Album Review: American Folk Blues Festival Live in Manchester 1962

Owing to a fascinating and complicated set of circumstances, for many years American musicians of color were recognized and celebrated more in the UK and Europe than they were at home. This was the case for quite a few jazz and blues artists; revered overseas, some made the transatlantic trek to appear in front of rapturously appreciative audiences.

So it was in 1962 in Manchester, England. Situated some 200 miles northwest of London and with a population of nearly a quarter million, Manchester enthusiastically hosted the inaugural American Folk Blues Festival in 1962. Conceived by German journalist Joachim-Ernst Berendt, the traveling event visited Germany, Switzerland, Austria and France; a pair of shows on October 21 at Manchester’s Free Trade Hall marked the end of the tour.

Featured performers – all from the American South – included Willie Dixon, Jimmy D. “Shaky Jake” Harris, John Lee Hooker, Helen Humes, Memphis Slim, Sonny Terry & Brownie McGhee, and T-Bone Walker.
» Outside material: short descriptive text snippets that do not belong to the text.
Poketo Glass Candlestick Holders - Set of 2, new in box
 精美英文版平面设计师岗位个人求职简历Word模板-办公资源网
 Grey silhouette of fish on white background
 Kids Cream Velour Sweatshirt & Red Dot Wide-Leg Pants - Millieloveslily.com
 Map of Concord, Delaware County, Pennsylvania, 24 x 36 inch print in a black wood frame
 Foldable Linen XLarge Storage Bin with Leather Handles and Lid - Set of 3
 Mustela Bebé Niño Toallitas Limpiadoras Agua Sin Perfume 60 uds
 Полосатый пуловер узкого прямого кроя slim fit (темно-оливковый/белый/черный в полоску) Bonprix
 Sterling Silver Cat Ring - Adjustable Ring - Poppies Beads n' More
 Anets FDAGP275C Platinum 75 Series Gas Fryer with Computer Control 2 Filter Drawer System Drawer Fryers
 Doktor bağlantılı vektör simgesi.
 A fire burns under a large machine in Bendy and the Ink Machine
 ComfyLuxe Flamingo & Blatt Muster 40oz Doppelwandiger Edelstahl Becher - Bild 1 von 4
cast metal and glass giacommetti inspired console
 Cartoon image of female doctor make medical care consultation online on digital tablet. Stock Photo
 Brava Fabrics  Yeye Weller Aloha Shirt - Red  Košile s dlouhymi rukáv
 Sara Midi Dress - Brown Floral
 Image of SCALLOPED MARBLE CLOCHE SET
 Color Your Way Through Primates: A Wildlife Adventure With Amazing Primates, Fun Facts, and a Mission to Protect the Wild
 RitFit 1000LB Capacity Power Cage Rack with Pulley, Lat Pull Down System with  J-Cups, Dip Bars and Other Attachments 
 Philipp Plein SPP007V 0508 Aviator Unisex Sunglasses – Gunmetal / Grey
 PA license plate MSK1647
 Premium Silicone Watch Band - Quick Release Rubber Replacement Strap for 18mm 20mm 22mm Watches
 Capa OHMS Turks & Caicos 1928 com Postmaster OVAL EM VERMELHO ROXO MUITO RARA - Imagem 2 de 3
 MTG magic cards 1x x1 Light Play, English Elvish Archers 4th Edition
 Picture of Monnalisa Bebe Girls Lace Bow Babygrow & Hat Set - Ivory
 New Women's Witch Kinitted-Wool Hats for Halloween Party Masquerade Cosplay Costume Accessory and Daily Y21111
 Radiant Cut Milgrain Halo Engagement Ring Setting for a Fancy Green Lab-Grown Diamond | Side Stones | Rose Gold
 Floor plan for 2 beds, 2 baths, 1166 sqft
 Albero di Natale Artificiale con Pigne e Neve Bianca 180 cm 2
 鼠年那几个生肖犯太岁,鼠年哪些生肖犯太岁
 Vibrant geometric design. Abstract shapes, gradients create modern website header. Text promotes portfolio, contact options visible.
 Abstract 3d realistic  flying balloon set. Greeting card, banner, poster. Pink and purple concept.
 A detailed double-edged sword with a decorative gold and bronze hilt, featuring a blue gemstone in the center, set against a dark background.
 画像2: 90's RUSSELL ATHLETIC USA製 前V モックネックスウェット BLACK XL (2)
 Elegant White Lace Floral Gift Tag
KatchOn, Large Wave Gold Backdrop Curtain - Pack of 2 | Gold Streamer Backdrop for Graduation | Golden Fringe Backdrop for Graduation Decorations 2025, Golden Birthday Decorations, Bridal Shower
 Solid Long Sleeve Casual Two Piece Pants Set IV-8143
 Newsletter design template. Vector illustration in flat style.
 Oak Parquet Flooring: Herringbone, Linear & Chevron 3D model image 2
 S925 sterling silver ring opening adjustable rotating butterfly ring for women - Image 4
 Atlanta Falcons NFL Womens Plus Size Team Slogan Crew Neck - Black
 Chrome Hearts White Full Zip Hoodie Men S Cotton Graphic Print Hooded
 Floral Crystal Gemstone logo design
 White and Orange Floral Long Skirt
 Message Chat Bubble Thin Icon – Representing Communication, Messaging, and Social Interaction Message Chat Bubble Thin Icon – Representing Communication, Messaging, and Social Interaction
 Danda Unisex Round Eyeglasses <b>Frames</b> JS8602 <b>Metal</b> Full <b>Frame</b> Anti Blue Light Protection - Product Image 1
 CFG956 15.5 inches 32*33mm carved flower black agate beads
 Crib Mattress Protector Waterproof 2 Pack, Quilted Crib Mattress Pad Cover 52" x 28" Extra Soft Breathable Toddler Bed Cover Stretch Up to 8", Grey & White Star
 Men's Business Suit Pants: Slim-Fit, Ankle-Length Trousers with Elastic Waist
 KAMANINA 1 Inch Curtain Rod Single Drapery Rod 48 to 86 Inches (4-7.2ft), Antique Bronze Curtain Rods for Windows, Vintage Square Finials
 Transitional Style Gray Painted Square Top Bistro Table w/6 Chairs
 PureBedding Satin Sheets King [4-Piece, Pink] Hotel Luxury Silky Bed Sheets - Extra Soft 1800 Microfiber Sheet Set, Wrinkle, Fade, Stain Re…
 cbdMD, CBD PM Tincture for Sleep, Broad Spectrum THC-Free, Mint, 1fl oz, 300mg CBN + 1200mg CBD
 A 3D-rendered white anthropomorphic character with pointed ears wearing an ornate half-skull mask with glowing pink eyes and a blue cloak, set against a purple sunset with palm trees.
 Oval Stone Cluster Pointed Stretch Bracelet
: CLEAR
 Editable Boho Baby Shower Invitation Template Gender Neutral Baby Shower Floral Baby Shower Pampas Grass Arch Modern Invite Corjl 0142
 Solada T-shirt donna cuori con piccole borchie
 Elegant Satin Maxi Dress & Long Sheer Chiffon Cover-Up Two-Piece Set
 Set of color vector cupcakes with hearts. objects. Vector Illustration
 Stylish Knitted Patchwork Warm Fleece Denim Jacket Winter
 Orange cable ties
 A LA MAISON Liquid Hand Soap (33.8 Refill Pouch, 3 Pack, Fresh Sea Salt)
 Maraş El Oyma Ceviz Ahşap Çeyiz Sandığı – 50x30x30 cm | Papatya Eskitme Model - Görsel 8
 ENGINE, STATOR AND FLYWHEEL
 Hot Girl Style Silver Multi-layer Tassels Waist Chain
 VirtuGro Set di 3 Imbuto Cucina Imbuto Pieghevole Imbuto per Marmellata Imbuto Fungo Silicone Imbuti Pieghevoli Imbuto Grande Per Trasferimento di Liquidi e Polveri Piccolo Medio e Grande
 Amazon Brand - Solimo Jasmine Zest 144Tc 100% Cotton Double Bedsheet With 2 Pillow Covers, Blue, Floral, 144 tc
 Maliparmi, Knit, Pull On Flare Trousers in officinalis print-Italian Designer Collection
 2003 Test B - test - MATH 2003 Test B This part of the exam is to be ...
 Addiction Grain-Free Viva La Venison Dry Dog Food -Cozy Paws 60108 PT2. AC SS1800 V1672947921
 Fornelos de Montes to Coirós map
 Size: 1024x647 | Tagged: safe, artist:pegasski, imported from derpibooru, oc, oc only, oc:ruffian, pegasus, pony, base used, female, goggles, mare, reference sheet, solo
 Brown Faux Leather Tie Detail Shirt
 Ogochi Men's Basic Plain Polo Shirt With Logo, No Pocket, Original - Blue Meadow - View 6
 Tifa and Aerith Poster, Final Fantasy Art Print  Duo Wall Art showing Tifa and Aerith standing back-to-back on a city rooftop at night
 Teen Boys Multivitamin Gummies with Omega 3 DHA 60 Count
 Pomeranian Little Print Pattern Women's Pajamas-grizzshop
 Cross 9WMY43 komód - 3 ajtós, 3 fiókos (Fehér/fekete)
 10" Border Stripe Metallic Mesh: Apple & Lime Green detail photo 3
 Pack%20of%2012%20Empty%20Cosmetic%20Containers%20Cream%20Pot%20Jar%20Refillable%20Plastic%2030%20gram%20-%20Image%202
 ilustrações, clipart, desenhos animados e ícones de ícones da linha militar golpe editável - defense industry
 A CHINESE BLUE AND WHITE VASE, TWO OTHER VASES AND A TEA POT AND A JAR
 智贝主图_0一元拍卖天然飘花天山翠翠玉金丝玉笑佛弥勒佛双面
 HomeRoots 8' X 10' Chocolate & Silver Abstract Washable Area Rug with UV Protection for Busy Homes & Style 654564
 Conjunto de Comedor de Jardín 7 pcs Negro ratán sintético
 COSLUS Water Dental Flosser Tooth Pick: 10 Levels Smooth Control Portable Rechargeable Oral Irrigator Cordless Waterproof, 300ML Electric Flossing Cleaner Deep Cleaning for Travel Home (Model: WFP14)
Selections from performances by the four most well-known among those – Dixon, Memphis Slim, Terry & McGhee and Walker – are featured on this newly-released CD.

The performances were captured for British television, broadcast as Jazz Unlimited one year after the concerts. The monaural audio from those recordings is surprisingly sharp. After a radio announcer’s introduction, Terry & McGhee present acoustic guitar and harmonica readings of popular and traditional folk blues numbers (“Kansas City Blues,” “I’m Leaving in the Morning,” the vocal harmony showcase “I’m a Poor Man But a Good Man” and “Easy Rider”) to a wildly ecstatic audience.

Backed by a full band including piano, Memphis Slim delivers a soulful reading of Big Bill Broonzy’s “Just a Dream.” Bassist “Wee” Willie Dixon – the point man who helped organizers line up the impressive bill of artists – is featured on his first appearance in front of a British audience, singing and playing a co-write with Memphis Slim, “Sittin’ and Cryin’ the Blues.”

Fronting a small combo, fiery guitarist T-Bone Walker wraps up the set with three tunes: “Call it Stormy Monday,” “My Baby (Is Now on My Mind)” and – joined by all of the artists on the bill – “Bye Bye Baby.” Up to this point, the audience held its reaction until the end of each number; here they clap along and roar in appreciation throughout the brief number.

It’s difficult to emphasize just how important the Manchester shows would turn out to be. In the audience were Keith Richards, Mick Jagger and Brian Jones; the Londoners had played their first gig as the Rolling Stones a mere three months earlier. Young session guitarist Jimmy Page – later of the Yardbirds and Led Zeppelin – was also at the Manchester festival.

American Folk Blues Festival Live in Manchester 1962 would be worth acquiring if only for the music contained therein, but this new package offers more. The CD package includes a 24-page booklet filled with superb black-and-white photos of the event, memorabilia, newspaper clippings and a contemporary review in Jazz Monthly by G.E. Lambert.